Ke depan, lanjutnya, konsep pengembangan kawasan hortikultura akan mengadopsi pola korporasi tersebut. Polanya bukan lagi kecil-kecil seperti yang terjadi saat ini. Apabila di satu kabupaten kondisi lahannya cocok, agroklimatnya sesuai, diberi bantuan satu jenis komoditas buah dengan luasan 500 sampai 1000 hektare tergantung skala ekonominya. Dengan begitu kelak kabupaten tersebut bisa menjadi sentra buah nasional.
“Kalau terus bertahan kecil-kecil dan tidak mencapai skala ekonomi, akan berat kita menghadapi persaingan pasar global. Konsep kawasan ini, saya yakin mampu melejitkan ekspor hortikultura di masa yang akan datang,” tukas Anton optimis.

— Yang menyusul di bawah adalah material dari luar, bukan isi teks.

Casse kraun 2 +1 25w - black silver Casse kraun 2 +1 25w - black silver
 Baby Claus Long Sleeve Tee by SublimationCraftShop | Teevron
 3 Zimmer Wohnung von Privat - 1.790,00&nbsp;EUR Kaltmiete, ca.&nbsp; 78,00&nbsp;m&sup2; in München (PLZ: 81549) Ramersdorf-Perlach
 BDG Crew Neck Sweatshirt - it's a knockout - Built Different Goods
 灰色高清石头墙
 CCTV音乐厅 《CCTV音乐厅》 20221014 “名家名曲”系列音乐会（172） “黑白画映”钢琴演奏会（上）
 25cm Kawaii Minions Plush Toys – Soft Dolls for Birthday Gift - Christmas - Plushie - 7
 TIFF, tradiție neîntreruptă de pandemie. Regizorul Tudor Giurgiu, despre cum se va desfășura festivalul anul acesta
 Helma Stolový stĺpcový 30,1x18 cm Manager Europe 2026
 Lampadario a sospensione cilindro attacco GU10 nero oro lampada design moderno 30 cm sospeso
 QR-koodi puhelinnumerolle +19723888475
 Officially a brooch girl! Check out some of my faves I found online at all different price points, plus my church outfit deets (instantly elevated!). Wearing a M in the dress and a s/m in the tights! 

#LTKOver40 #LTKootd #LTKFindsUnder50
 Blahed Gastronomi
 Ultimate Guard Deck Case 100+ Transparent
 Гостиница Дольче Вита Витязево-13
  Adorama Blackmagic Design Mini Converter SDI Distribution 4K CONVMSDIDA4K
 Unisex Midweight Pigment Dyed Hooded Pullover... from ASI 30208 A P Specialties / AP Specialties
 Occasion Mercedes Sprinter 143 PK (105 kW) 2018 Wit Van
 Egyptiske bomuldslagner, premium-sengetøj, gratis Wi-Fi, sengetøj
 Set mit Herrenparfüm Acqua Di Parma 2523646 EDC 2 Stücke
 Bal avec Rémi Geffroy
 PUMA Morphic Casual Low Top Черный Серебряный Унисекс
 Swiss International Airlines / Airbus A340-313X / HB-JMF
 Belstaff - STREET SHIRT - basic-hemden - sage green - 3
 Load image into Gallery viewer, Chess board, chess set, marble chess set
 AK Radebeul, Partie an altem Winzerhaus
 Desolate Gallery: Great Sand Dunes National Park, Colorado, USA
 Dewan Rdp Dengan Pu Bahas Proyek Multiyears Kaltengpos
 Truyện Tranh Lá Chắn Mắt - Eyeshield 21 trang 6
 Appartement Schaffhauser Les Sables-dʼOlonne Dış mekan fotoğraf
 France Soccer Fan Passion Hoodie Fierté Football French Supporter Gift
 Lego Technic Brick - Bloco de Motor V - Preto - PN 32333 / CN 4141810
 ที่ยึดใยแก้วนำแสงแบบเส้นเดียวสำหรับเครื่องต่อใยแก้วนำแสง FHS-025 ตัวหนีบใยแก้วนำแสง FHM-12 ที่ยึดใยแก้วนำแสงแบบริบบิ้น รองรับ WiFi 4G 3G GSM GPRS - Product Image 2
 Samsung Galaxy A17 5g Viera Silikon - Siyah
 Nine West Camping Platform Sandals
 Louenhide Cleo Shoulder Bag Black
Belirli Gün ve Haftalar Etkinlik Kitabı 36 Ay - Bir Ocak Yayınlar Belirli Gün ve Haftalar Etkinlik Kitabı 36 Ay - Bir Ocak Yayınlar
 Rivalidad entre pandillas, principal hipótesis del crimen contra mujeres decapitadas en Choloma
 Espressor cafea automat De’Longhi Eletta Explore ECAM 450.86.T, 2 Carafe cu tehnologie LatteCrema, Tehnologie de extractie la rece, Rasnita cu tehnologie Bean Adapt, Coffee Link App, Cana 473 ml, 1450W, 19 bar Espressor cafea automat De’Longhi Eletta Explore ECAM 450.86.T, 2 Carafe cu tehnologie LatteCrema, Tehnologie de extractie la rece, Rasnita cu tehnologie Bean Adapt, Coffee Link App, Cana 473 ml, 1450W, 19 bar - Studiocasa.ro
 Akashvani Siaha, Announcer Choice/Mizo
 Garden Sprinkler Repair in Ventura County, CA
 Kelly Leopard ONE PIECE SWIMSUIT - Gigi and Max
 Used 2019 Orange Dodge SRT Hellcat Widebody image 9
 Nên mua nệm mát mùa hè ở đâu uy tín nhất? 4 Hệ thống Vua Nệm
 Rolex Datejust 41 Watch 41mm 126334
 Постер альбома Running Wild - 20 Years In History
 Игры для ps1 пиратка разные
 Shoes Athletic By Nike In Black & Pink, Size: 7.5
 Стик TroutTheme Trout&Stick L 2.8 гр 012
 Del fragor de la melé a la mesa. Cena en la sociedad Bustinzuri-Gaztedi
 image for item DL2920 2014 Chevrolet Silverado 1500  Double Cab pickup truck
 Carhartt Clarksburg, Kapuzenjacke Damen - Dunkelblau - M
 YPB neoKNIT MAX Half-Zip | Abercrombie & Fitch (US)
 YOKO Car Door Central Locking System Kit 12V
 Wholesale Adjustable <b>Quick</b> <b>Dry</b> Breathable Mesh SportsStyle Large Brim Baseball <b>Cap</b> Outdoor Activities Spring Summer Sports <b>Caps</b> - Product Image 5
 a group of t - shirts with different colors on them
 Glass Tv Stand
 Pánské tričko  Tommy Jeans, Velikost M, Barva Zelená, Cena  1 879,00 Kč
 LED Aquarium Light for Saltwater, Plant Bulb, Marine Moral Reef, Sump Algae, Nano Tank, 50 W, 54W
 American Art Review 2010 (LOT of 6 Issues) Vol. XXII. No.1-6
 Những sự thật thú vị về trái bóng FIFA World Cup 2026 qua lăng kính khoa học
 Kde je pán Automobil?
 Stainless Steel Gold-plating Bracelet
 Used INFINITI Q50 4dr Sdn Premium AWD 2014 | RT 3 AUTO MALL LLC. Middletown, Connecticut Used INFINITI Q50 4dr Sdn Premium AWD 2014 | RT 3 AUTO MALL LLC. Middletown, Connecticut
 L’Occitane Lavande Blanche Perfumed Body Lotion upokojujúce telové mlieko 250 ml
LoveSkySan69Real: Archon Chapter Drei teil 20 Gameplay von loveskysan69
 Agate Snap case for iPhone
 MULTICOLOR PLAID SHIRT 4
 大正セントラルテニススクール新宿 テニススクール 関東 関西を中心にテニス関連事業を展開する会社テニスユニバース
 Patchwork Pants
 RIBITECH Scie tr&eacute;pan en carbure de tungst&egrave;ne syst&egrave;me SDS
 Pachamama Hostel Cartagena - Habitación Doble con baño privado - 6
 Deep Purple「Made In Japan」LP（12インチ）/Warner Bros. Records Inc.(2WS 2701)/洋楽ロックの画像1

Tentu program ini perlu sinergitas antar Direktorat lingkup Ditjen Hortikultura. Contohnya untuk program pengembangan kawasan manggis berdaya saing, Direktorat Buah menentukan kabupaten mana yang lahan dan agroklimatnya sesuai. Direktorat Perbenihan fokus menyediakan benih unggul bermutu. Direktorat Perlindungan mendukung dari aspek pengendalian OPT (Organisme Pengganggu Tanaman-red), serta Direktorat pengolahan dan Pemasaran Hasil Hortikultura terus memperluas pemasaran dan ekspornya.